Availability of large amounts of very high resolution (metric-resolution) remote sensing images from the last generation synthetic aperture radar (SAR) satellites is attracting new studies. In order to search and retrieve relevant images from large-scale databases, new techniques for automatically analyzing, interpreting and indexing SAR images are required. The methods developed for this purposes in the past were based on the understanding speckle characteristics in SAR images. The focus has been generally on the model-based textural parameter estimation in the amplitude-envelope of SAR images, such as parametric Gibbs-based methods in the Bayesian framework.
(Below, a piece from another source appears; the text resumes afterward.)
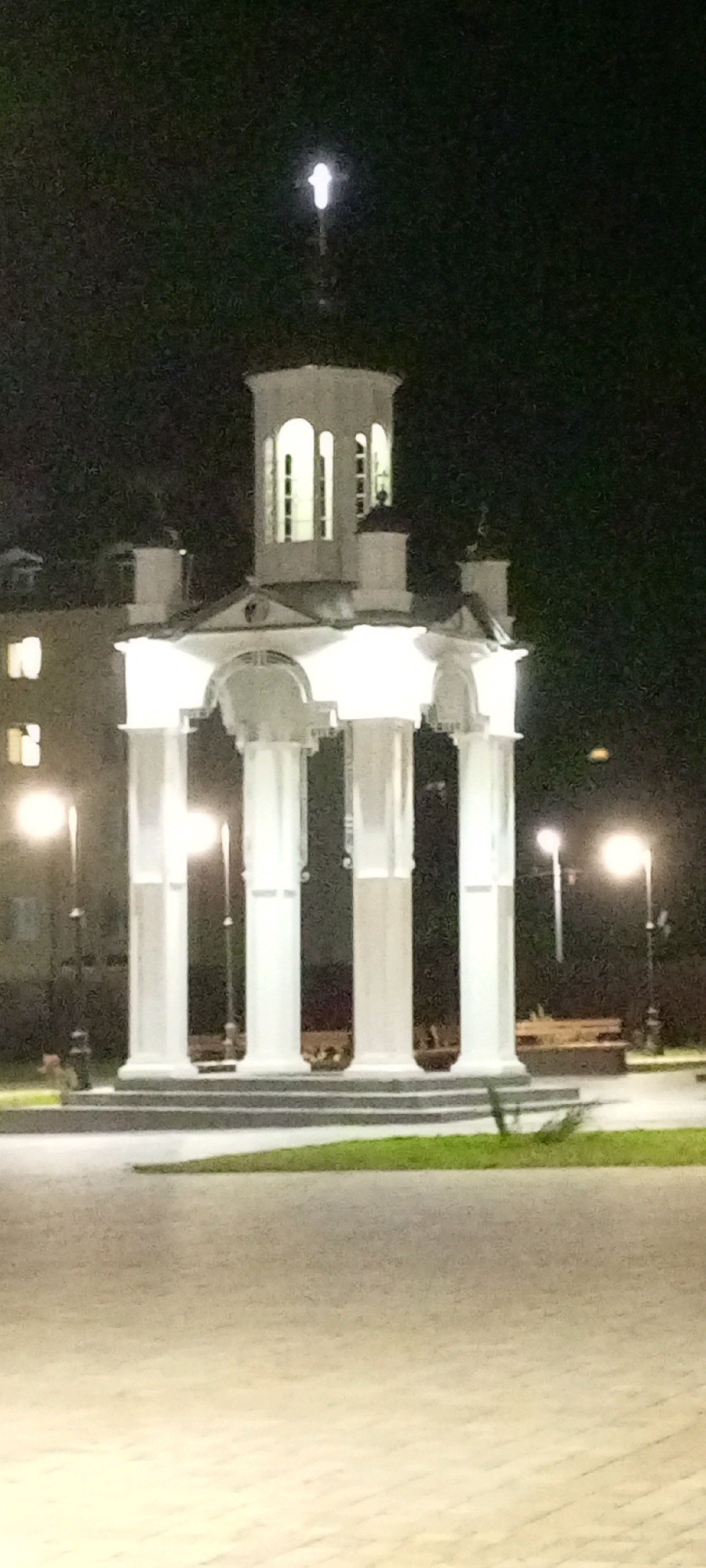 The image captures a white, multi-tiered monument with classical columns at its base, illuminated at night. The monument has a circular upper section with arched windows and a finial at its peak. The scene is set against a dark, possibly night sky, with lights from nearby buildings visible to the left, showing illuminated windows. Streetlights are present on the right side of the monument, casting a warm glow. The ground in front of the monument is paved with light-colored interlocking stones, bordered by a strip of green grass. Benches are visible in the background, suggesting a public space or park. The overall impression is a well-lit architectural landmark in a tranquil urban setting. The monument is located in Kirsanov, Russia.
Such methods were largely successful under the assumption of stationarity of the signal in an analyzing window of convenient size on images with resolution of the order of tens of meters.
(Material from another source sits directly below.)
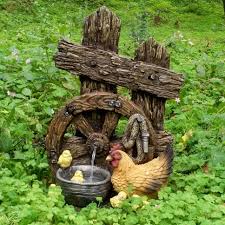 Sie beleben den garten durch plätschernde geräusche und durch einen frischen verdunstungseffekt. Aussen Zier Spring Brunnen Holz Deko Kaskade Rad Huhn Optik Garten Pumpe Harms 318816 Etc Shop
The challenge we encounter in metric-resolution SAR images is the presence of a very high order of details encapsulating a non-stationarity, where model-based parameter estimation becomes inaccurate. This constraint encourages us to focus on nonparametric strategies while employing phase information to transform SAR images in a suitable space. Demonstrating the advantages and relevance of the phase information embedded in complex-valued SAR images over the use of the mere amplitude-envelope for such strategies is an underlying contribution of this thesis.
The importance of phase information is advocated with a proposed method of multiple sublook decomposition (MSLD). This method generates hyper-images from the spectral analysis of complex valued SAR images enabling the visual exploration of targets. Subsequently, a chirplet-derived transform- the fractional Fourier transform (FrFT) has been found to be a true SAR relevant multi-scale approach, where scaling is carried out in the phase. A proposed non-parametric feature descriptor based on the use of second-kind statistical measures (logarithmic-cumulants) estimated over the amplitude-envelope of the FrFT coefficients exhibits enhanced feature space separability for improved indexing.
An experimental benchmarking database is generated on single look complex (SLC) spotlight mode TerraSAR-X images for the validation of the proposed FrFT-based nonparametric technique in comparison to the existing methods. A robust methodological classification framework has been proposed for the evaluation and comparison of the studied algorithms.